Activity –
Restate verbatim the span of lines below between the line with "sky background Panoramic" and the line with "MarketMAPS - MapSales", including those two lines, and only that span.

━━━━━━

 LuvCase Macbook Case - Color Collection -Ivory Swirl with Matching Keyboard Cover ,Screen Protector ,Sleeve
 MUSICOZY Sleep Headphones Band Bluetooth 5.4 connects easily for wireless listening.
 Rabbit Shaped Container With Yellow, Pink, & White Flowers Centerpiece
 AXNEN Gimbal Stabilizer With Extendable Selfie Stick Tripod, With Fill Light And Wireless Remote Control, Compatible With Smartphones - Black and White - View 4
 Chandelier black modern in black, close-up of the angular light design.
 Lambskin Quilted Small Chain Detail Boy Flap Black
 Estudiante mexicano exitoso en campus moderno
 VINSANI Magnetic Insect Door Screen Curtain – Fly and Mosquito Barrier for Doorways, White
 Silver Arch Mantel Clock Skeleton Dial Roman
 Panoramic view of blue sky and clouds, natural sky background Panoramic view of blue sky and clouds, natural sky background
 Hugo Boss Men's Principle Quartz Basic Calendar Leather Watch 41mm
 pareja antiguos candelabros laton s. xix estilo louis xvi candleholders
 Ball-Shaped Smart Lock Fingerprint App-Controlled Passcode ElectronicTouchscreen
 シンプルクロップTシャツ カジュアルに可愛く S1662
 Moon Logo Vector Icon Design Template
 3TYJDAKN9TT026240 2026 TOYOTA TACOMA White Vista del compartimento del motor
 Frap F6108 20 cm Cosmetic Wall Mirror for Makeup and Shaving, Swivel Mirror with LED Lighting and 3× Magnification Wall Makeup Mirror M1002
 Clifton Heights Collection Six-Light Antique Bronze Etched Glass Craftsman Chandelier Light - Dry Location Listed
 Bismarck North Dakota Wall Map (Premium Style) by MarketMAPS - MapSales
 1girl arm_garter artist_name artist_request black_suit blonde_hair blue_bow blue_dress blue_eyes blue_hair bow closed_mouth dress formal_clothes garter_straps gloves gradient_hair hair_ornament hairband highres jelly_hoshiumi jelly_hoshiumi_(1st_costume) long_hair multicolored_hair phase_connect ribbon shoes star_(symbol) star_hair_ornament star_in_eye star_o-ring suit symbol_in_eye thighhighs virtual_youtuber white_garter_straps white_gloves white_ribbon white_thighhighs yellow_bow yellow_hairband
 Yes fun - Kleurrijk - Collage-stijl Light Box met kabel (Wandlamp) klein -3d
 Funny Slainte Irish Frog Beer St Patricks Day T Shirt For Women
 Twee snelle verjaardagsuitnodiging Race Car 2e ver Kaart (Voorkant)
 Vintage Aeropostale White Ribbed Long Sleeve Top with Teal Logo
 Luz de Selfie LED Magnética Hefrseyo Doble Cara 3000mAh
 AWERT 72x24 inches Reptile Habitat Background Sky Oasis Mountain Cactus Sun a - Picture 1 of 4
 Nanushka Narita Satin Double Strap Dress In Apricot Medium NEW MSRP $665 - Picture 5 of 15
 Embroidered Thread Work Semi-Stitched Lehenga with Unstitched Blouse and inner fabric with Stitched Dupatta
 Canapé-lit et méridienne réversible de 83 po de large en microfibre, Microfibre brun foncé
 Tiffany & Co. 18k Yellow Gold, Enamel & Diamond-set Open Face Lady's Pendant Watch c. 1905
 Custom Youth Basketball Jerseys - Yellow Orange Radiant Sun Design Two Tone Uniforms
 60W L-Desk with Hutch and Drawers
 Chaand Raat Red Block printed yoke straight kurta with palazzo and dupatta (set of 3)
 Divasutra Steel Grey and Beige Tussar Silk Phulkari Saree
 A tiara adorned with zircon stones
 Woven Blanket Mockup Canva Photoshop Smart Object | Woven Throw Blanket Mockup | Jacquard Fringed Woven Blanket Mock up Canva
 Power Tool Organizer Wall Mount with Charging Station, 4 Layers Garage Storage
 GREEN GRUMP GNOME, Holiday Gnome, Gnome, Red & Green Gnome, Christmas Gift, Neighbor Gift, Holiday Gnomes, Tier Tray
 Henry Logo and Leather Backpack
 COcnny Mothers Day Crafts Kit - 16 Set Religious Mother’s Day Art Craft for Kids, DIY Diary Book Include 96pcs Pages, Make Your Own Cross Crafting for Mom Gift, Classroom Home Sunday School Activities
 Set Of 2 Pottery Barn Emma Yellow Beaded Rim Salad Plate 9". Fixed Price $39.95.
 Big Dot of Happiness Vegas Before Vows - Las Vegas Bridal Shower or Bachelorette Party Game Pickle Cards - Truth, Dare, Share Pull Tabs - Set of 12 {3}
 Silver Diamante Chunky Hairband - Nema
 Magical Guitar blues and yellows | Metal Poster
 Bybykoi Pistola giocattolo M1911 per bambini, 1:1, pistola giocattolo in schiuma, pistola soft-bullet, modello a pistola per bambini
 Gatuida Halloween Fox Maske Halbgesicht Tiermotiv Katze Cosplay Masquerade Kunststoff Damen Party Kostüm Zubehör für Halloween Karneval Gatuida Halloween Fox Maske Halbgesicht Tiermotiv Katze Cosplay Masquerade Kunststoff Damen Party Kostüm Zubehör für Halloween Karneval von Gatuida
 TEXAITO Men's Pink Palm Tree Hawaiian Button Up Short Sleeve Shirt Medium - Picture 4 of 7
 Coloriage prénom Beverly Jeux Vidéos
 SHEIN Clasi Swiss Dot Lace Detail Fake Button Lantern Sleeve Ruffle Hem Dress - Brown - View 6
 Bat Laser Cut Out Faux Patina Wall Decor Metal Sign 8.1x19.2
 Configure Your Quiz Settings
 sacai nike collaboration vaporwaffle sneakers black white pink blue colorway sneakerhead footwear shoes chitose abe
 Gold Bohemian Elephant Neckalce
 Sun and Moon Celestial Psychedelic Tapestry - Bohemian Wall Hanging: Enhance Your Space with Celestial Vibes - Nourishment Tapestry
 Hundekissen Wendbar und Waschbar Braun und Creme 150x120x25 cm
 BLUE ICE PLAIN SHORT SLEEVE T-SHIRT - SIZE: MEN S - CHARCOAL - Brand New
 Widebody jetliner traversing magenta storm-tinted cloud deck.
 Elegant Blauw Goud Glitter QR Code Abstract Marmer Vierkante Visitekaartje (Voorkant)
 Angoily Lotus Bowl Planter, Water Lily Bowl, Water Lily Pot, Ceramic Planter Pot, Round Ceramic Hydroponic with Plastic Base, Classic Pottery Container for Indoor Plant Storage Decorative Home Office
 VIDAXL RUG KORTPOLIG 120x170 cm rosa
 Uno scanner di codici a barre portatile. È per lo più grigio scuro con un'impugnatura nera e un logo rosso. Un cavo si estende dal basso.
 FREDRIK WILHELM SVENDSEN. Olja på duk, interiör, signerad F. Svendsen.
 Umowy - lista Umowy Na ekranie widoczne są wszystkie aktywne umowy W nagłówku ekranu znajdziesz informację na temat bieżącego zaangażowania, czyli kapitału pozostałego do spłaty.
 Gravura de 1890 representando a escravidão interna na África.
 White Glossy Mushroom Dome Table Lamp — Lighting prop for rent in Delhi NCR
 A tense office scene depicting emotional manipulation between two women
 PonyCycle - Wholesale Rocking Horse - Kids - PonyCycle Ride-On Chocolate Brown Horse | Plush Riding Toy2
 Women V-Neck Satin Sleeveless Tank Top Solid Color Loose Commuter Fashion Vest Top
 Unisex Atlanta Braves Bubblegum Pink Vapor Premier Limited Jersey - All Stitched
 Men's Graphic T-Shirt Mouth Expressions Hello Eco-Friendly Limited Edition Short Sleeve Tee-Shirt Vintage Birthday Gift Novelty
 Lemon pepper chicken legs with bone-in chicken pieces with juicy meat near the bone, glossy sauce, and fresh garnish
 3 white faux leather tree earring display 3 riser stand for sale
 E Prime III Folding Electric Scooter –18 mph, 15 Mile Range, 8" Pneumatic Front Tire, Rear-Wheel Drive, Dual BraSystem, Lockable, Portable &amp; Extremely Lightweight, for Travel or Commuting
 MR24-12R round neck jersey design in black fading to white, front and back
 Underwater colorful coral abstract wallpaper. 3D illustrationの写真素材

━━━━━━

Solution –
 Panoramic view of blue sky and clouds, natural sky background Panoramic view of blue sky and clouds, natural sky background
 Hugo Boss Men's Principle Quartz Basic Calendar Leather Watch 41mm
 pareja antiguos candelabros laton s. xix estilo louis xvi candleholders
 Ball-Shaped Smart Lock Fingerprint App-Controlled Passcode ElectronicTouchscreen
 シンプルクロップTシャツ カジュアルに可愛く S1662
 Moon Logo Vector Icon Design Template
 3TYJDAKN9TT026240 2026 TOYOTA TACOMA White Vista del compartimento del motor
 Frap F6108 20 cm Cosmetic Wall Mirror for Makeup and Shaving, Swivel Mirror with LED Lighting and 3× Magnification Wall Makeup Mirror M1002
 Clifton Heights Collection Six-Light Antique Bronze Etched Glass Craftsman Chandelier Light - Dry Location Listed
 Bismarck North Dakota Wall Map (Premium Style) by MarketMAPS - MapSales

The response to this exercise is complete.